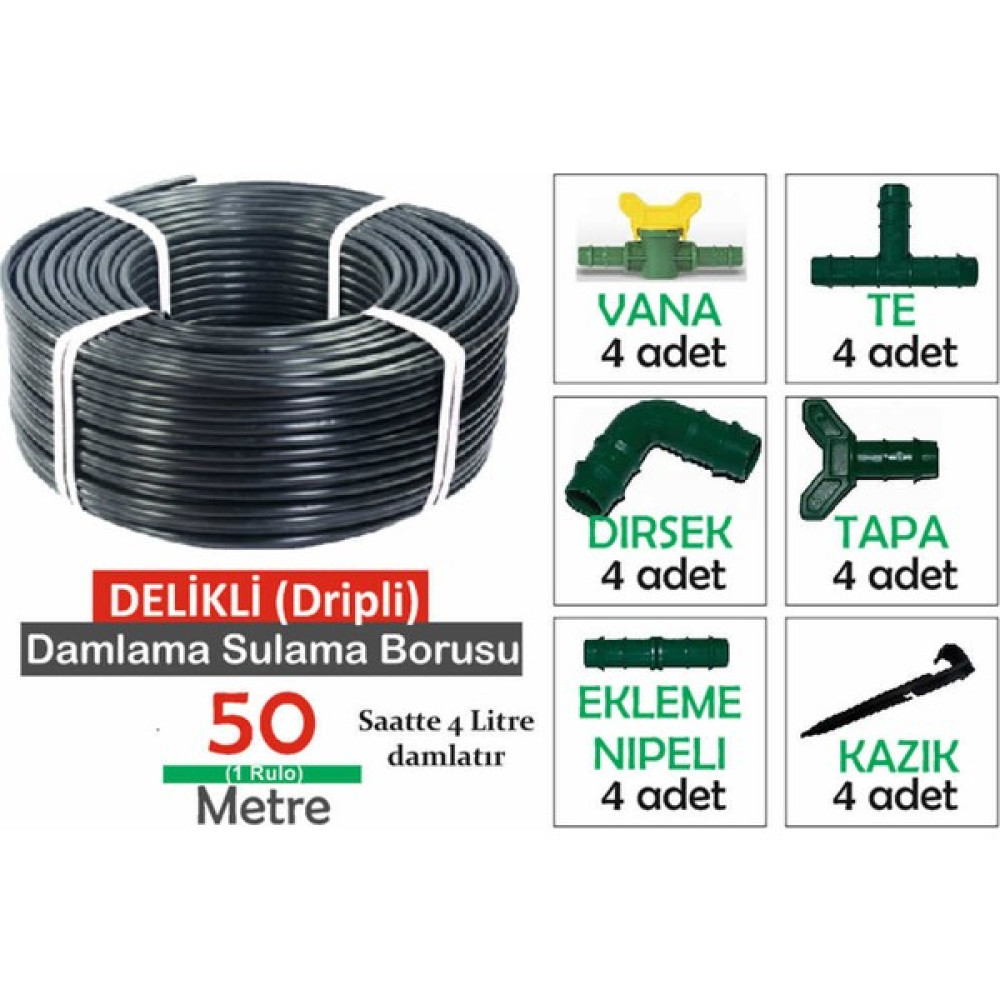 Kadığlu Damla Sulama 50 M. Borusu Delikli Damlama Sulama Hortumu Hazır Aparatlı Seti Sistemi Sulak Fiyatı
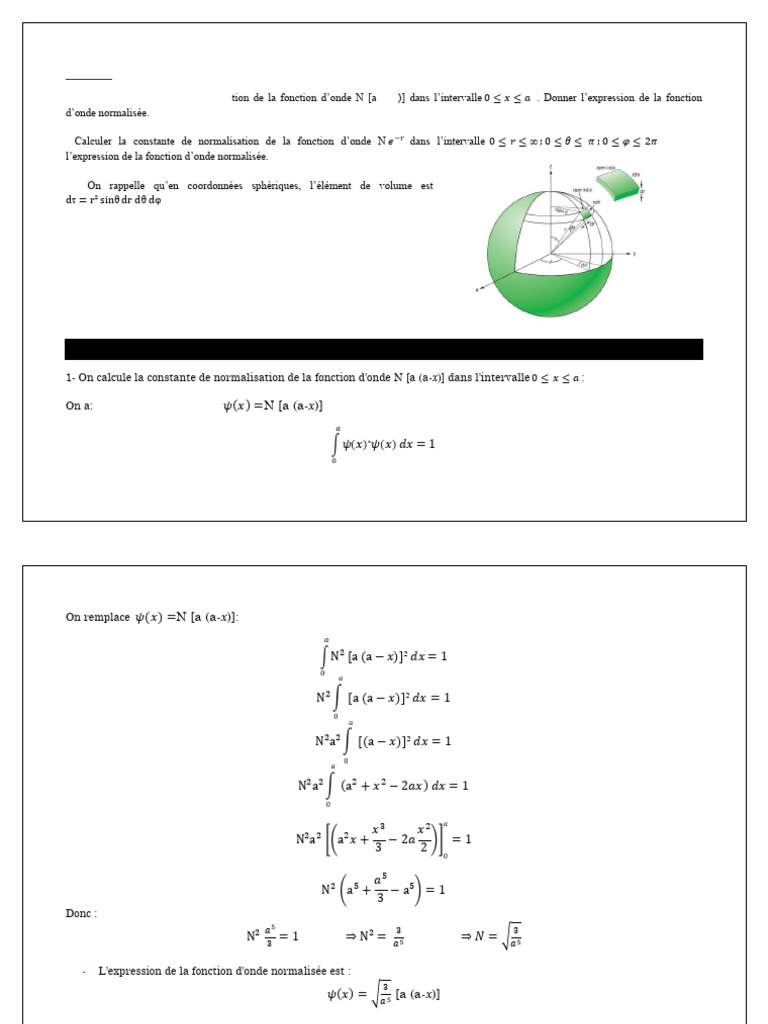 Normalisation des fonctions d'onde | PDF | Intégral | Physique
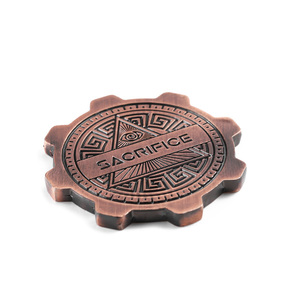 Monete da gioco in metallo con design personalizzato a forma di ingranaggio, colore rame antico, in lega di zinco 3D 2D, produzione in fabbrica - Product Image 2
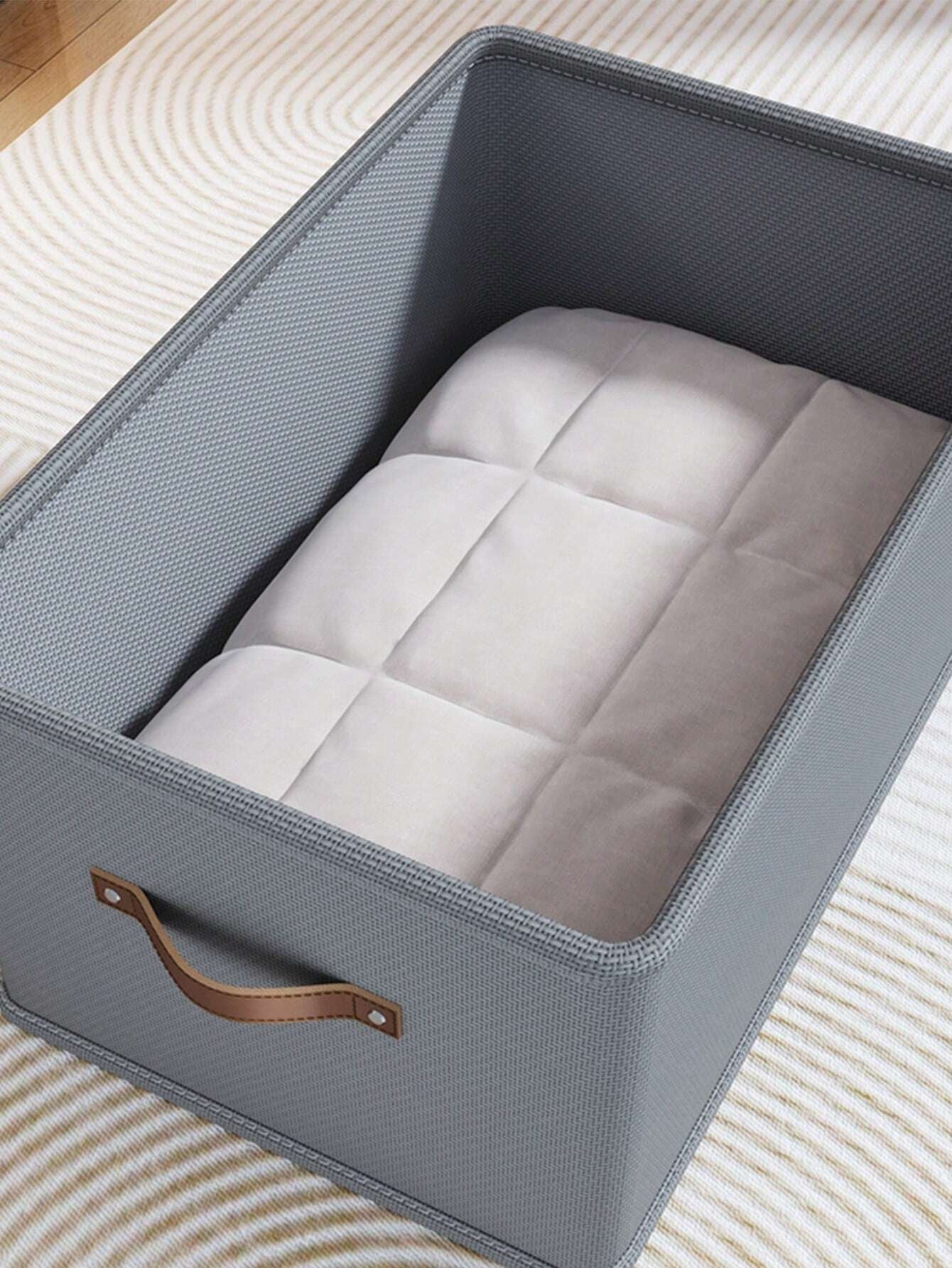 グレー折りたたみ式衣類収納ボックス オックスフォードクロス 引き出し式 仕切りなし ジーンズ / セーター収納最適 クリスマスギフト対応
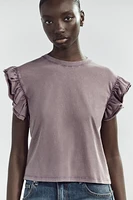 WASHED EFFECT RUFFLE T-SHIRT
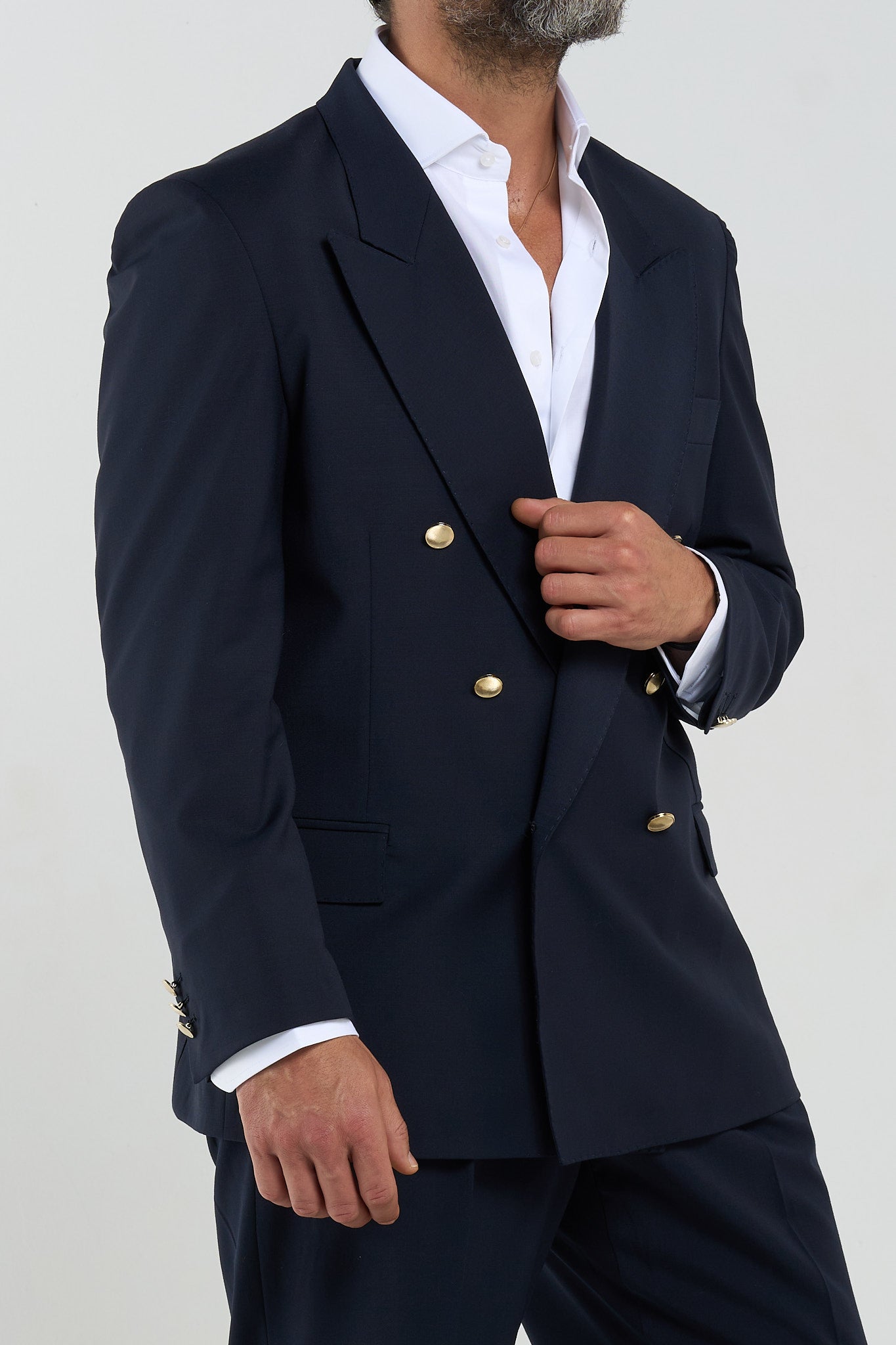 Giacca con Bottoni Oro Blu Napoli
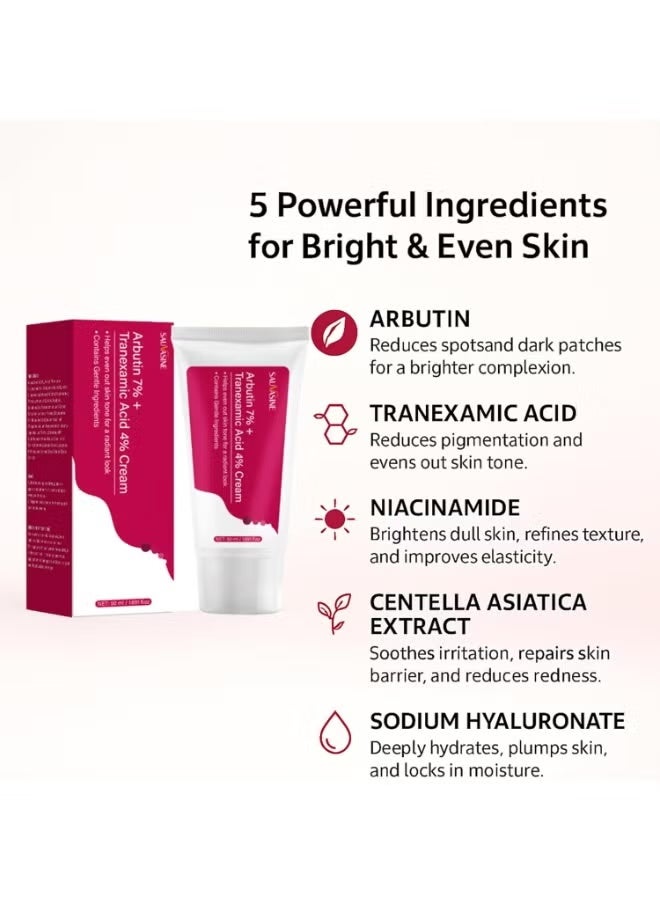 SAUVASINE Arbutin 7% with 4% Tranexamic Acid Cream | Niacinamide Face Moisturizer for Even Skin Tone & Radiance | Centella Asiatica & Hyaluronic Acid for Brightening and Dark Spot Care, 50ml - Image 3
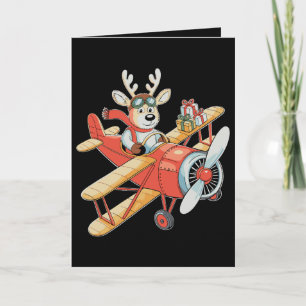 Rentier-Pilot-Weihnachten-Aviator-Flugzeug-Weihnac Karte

□ □ □

§ Exercise
Would you please repeat only the lines above, beginning at the one that has "Normalisation des fonctions" and stopping after the one that has "Monete da gioco", exactly and with no pictures?

§ Solution below
 Normalisation des fonctions d'onde | PDF | Intégral | Physique
 Monete da gioco in metallo con design personalizzato a forma di ingranaggio, colore rame antico, in lega di zinco 3D 2D, produzione in fabbrica - Product Image 2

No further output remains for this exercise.